In vista delle prossime festività, La Borsa della Spesa, il servizio settimanale di BMTI e Italmercati Rete di Imprese, in collaborazione con Consumerismo No Profit, consiglia i prodotti stagionali migliori da acquistare.
Le alte temperature dell’ultimo periodo hanno accelerato le produzioni stagionali ma la domanda, come spesso accade dopo i periodi festivi, non è riuscita a tenere il passo, determinando un calo generale dei prezzi all’ingrosso.
Per quanto riguarda la frutta, il clima ha favorito ancora le fragole che sono arrivate ad avere una qualità eccellente, sia in termini di pigmentazione che di dolcezza. La loro abbondanza ha portato i prezzi in calo. Nello specifico, all’ingrosso, le varietà campane, siciliane e calabresi sono disponibili intorno a 3,00 euro/kg mentre, la varietà lucana intorno a 3,50 euro/Kg. Dolci e di ottima qualità anche i limoni siciliani Primo Fiore così come quelli di altre zone di produzione, come la Campania e disponibili all’ingrosso a prezzi regolari che vanno da 1,10 a 1,30 euro/kg. Continua la stabilità per le mele, su 1,80 euro/kg, nonostante alcune varietà siano ormai giunte alle ultime battute. Con l’anticipo delle produzioni estive, compaiono i primi meloni retati siciliani, scesi questa settimana a circa 2,50 €/kg rispetto ai 3,00 €/kg della precedente. Infine, si avvia verso la fine, la campagna dei kiwi italiani, disponibili all’ingrosso da 2,60 a 2,80 euro/kg.

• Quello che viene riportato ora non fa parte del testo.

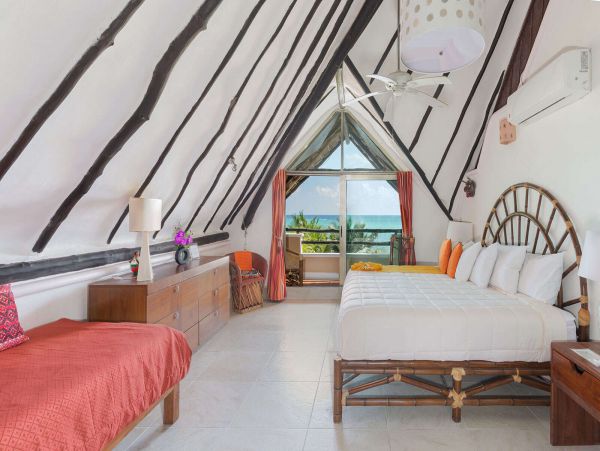 Cancun Home 989346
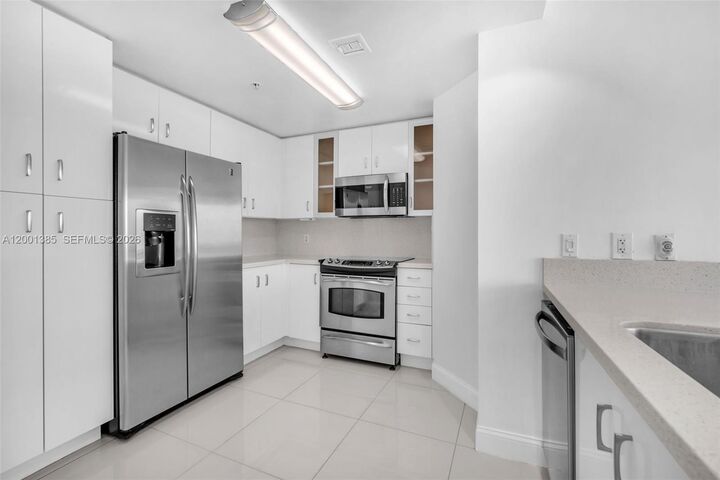 Property Photo:  7900 Harbor Island Dr 1101  FL 33141 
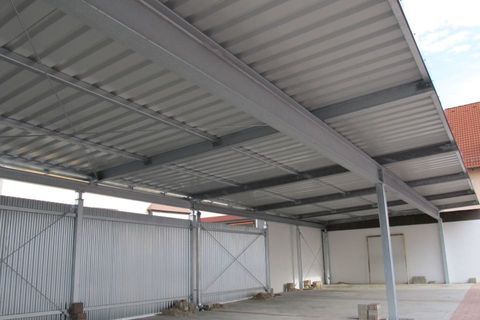 Metallbau Neumarkt | Geländer aus Glas und Metall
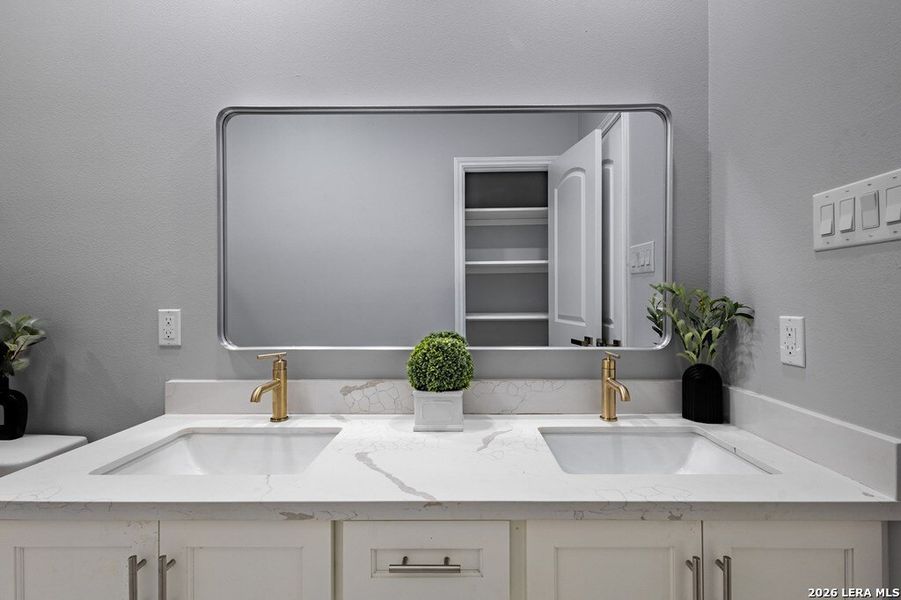 Furnished interior view inside a new home in , Eagle Pass (Image 9).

Nel pieno della stagione, le fave mantengono prezzi regolari tra 1,00 e 1,20 €/kg. Il clima ha favorito anche la qualità dei carciofi, portando a un calo dei prezzi all’ingrosso, il violetto senza spine è venduto anche a 0,20 €/pezzo, il romanesco a 0,40 €/pezzo, i capolini fino a 0,60 €/pezzo. Resta conveniente, su 1,20 euro/kg, il prezzo all’ingrosso della cicoria, abbondante e di buona qualità mentre stanno per finire i finocchi invernali per dare spazio alle produzioni estive. Per loro, i prezzi sono stabili intorno a 1,30 euro/kg. Infine, è questo il momento più giusto per acquistare i piselli freschi, dolci e in calo del 10% rispetto alla scorsa settimana, confermandosi tra i 2,80 e i 3,00 euro/Kg.

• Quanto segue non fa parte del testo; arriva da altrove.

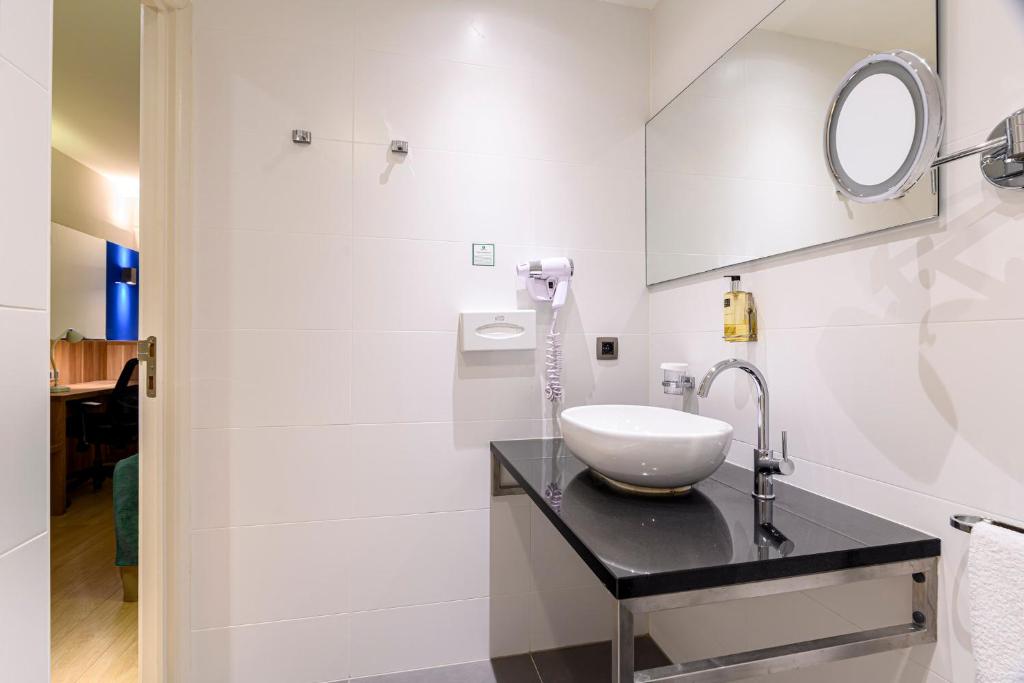 Holiday Inn Brussels Schuman by IHG - Resim 33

Tra le specie ittiche consigliate, non possono mancare le seppie, abbondanti poiché nel pieno della loro stagione e con prezzi in calo che oscillano dai 10,00 ai 13,00 euro/Kg. Convenienti anche i prezzi all’ingrosso del lanzardo, un pesce simile allo sgombro disponibile all’ingrosso sui 3,00 euro/Kg e del suro, pesce povero sempre più richiesto, intorno a 1,50 euro/Kg. Ottimi anche i prezzi dell’alletterato, un tonnetto dalla carne rossa che, all’ingrosso, si trova tra i 5,00 ai 7,00 euro/Kg a seconda della grandezza. Tra i molluschi, continuano ad avere prezzi stabili le vongole lupino, intorno a 3,70 euro/kg e, infine, rimane sempre basso il prezzo granchio blu, sui 3,00 euro/Kg.
Tra le carni, l’equilibrio tra domanda e offerta conferma la stabilità per i prezzi della carne di scottona, che vanno da 9,30 a 9,70 euro/kg e per i tagli di maggior pregio della carne di vitello, che variano da 10,00 a 10,20 euro/kg.